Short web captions
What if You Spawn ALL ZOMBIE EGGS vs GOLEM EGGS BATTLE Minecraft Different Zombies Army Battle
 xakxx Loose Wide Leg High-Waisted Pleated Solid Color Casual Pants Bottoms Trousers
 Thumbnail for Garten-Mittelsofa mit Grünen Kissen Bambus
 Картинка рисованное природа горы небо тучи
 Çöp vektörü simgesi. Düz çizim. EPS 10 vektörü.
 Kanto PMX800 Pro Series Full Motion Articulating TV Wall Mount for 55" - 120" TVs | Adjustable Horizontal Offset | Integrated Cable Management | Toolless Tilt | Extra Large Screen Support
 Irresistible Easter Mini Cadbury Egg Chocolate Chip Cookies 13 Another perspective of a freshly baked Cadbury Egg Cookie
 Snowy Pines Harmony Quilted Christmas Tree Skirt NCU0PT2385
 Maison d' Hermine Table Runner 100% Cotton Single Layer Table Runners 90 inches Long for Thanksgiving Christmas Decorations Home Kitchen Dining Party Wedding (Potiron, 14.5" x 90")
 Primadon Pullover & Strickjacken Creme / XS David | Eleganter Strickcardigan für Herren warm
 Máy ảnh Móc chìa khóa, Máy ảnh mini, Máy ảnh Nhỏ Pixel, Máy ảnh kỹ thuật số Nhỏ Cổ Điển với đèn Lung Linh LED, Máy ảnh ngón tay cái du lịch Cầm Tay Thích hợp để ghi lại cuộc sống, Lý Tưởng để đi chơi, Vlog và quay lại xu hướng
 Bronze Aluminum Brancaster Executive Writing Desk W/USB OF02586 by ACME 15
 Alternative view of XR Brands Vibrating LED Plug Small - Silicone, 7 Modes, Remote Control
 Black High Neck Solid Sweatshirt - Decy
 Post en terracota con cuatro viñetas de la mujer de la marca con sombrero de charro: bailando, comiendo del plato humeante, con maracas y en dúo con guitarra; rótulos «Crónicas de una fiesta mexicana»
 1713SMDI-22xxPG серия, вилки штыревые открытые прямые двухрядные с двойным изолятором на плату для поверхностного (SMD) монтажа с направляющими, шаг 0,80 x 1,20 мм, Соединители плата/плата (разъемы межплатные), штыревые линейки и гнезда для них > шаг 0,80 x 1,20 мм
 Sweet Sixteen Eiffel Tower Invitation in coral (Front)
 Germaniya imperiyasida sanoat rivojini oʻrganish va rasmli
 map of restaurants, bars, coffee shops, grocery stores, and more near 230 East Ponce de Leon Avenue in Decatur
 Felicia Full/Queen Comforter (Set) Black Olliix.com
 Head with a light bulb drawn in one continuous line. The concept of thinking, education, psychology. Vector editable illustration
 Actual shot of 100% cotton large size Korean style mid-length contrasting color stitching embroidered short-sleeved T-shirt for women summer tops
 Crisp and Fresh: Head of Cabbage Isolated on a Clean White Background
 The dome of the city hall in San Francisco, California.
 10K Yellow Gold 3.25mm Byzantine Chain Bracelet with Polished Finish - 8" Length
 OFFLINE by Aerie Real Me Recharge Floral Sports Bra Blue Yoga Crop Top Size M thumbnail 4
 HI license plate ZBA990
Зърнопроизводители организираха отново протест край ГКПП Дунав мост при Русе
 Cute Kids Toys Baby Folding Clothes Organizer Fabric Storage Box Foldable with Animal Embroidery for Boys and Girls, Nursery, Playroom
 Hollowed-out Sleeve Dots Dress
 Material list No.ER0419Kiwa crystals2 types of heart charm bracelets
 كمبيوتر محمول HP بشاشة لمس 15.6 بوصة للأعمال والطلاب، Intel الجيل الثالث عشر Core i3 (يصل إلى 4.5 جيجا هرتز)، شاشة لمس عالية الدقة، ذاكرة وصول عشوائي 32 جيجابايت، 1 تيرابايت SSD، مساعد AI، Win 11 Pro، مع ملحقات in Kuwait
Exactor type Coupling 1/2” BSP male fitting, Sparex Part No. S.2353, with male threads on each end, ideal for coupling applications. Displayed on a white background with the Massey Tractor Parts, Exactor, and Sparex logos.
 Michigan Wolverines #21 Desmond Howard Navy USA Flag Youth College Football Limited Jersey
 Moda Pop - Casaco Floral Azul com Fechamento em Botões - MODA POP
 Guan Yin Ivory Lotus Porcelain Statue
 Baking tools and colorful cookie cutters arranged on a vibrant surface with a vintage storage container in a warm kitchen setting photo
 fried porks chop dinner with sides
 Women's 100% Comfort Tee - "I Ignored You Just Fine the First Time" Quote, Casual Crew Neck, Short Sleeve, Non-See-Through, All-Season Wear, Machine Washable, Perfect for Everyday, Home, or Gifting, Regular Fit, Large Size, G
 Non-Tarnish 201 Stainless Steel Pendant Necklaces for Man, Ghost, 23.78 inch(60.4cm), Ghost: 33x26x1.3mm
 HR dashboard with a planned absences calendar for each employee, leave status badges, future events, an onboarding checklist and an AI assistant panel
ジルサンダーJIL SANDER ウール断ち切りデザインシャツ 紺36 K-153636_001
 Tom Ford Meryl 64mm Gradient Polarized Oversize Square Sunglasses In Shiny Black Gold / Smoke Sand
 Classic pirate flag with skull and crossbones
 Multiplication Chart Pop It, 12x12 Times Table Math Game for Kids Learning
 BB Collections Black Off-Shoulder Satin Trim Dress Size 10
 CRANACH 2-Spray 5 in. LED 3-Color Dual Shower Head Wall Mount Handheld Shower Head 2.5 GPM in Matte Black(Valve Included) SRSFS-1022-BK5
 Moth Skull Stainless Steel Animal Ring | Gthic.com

- The problem:
How many lines in the records above contain the string "Gold"? State the number and nothing more.

- Result of this task:
2